TechTokenBERT

TechTokenBERT is a state-of-the-art patent embedding model based on BERT. It outperforms larger and task-specific models on IPC code classification, citation prediction, and title–abstract matching.

The core innovation is treating International Patent Classification (IPC) codes as dedicated tokens in the model's vocabulary (technological tokens). This allows the attention mechanism to operate directly between patent text and classification codes during fine-tuning, producing embeddings that are simultaneously aware of linguistic content and technological structure.

Introduced in:

Anticipating Innovation Using Large Language Models
Enrico Maria Fenoaltea, Filippo Santoro, Giordano De Marzo, Segun Taofeek Aroyehun, Andrea Tacchella
arXiv:2605.04875 · May 2026
https://arxiv.org/abs/2605.04875


Model Description

TechTokenBERT extends the vocabulary of BERT4Patent with one dedicated token per IPC code at group level (~8000 codes total). Fine-tuning uses masked-language-modelling on sequences of the form:

[CLS] patent title [SEP] patent abstract [SEP] [TT_1] [TT_2] ... [TT_N] [SEP]
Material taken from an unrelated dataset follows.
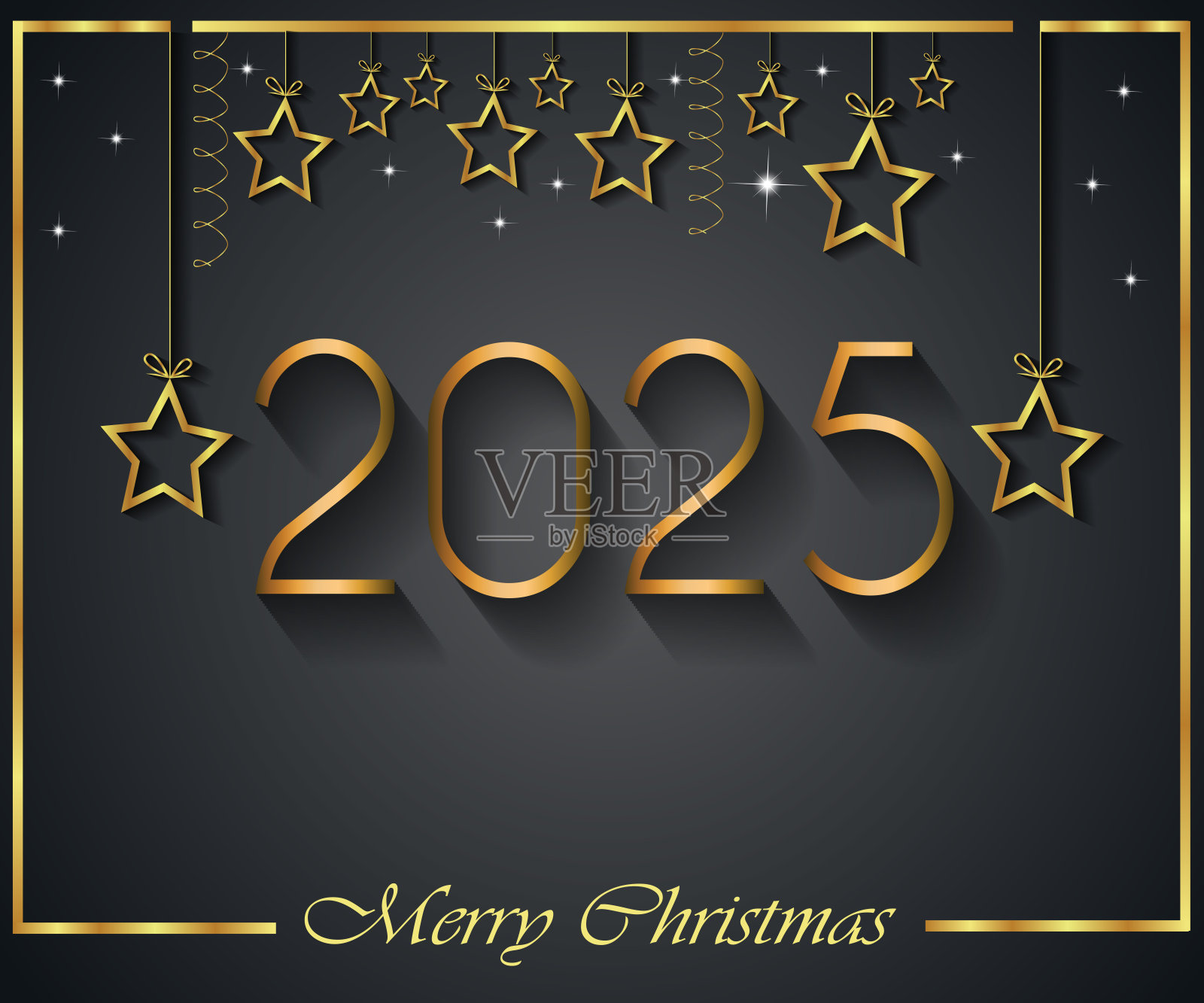 2025圣诞快乐的背景为您的季节邀请，节日海报，贺卡。插画图片素材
During fine-tuning the attention mechanism learns to link each technological token both to the words of the patent text and to the other IPC codes in the same patent. The result is a model with two complementary uses:

  • Patent embeddings: use the [CLS] token as a single vector representation of the full patent (title + abstract + IPC codes). The [CLS] embedding encodes information from both the text and the IPC codes it is associated with, outperforming standard sentence-embedding models on patent similarity tasks.
  • IPC-code embeddings: read the hidden-state vector at each technological-token position to obtain a context-dependent embedding of that IPC code in the specific patent.

Training Data

  • Source: Full European Patent Bulletin AB (~1.3 M English-language patents, 1980–2024)
  • Fine-tuning split: EPO Patents published 1980–2023
  • IPC granularity: Group level, yielding 8000 unique codes

Evaluation Results

Patent-related downstream tasks

Model IPC Macro-F1 ↑ Citation MAP ↑ Title–Abstract AUC-ROC ↑
BERT4Patents 0.354 59.46 0.920
BERT4Patents FT (Mirror-BERT) 0.262 52.78 0.832
PatentSBERTa 0.356 75.95 0.985
Paecter 0.420 68.11 0.944
LLaMA 3.1 8B FT (LLM2Vec) 0.343 56.78 0.973
TechTokenBERT 0.488 68.96 0.994

For details see the full paper.


Usage

Minimal example: build a batch where only the abstract is truncated (on the right), while the title, tech tokens, and all special tokens are preserved. Then run the model and extract the [CLS] embedding for each example.

import torch
from transformers import BertTokenizer, BertForMaskedLM

# ---------------------------------------------------------------------------
# 1. Load model + tokenizer
# ---------------------------------------------------------------------------
MODEL_NAME = "AndreaTacchella/TechTokenBert"
tokenizer = BertTokenizer.from_pretrained(MODEL_NAME)
model = BertForMaskedLM.from_pretrained(MODEL_NAME)
model.eval()

# ---------------------------------------------------------------------------
# 2. Toy data (3 rows)
# ---------------------------------------------------------------------------
titles = [
    "Method for cooling electronic components",
    "Wireless charging apparatus",
    "Biodegradable packaging material",
]

abstracts = [
    "A heat sink assembly that dissipates thermal energy from a processor using "
    "a network of micro-channels through which a coolant is circulated, thereby "
    "maintaining the junction temperature below a predefined threshold under load.",

    "An inductive power transfer system comprising a transmitter coil and a "
    "receiver coil aligned via a magnetic guidance structure to maximize coupling "
    "efficiency across a variable air gap.",

    "A composite film derived from plant-based polymers that decomposes under "
    "industrial composting conditions while providing an oxygen barrier suitable "
    "for food preservation.",
]

# Already preprocessed tech tokens (list of lists of IPC group-level strings)
tech_tokens_list = [
    ["h05k7", "g06f1"],
    ["h02j50", "h01f27"],
    ["c08l101", "b65d65"],
]


# ---------------------------------------------------------------------------
# 3. Build the padded batch (abstract truncated on the right only)
# ---------------------------------------------------------------------------
def build_batch(titles, abstracts, tech_tokens_list, tokenizer, max_length=512):
    cls_id = tokenizer.cls_token_id
    sep_id = tokenizer.sep_token_id

    all_ids = []
    for title, abstract, tech_tokens in zip(titles, abstracts, tech_tokens_list):
        title_ids = tokenizer.encode(title, add_special_tokens=False)
        abstract_ids = tokenizer.encode(abstract, add_special_tokens=False)
        tech_ids = tokenizer.encode(" ".join(tech_tokens), add_special_tokens=False)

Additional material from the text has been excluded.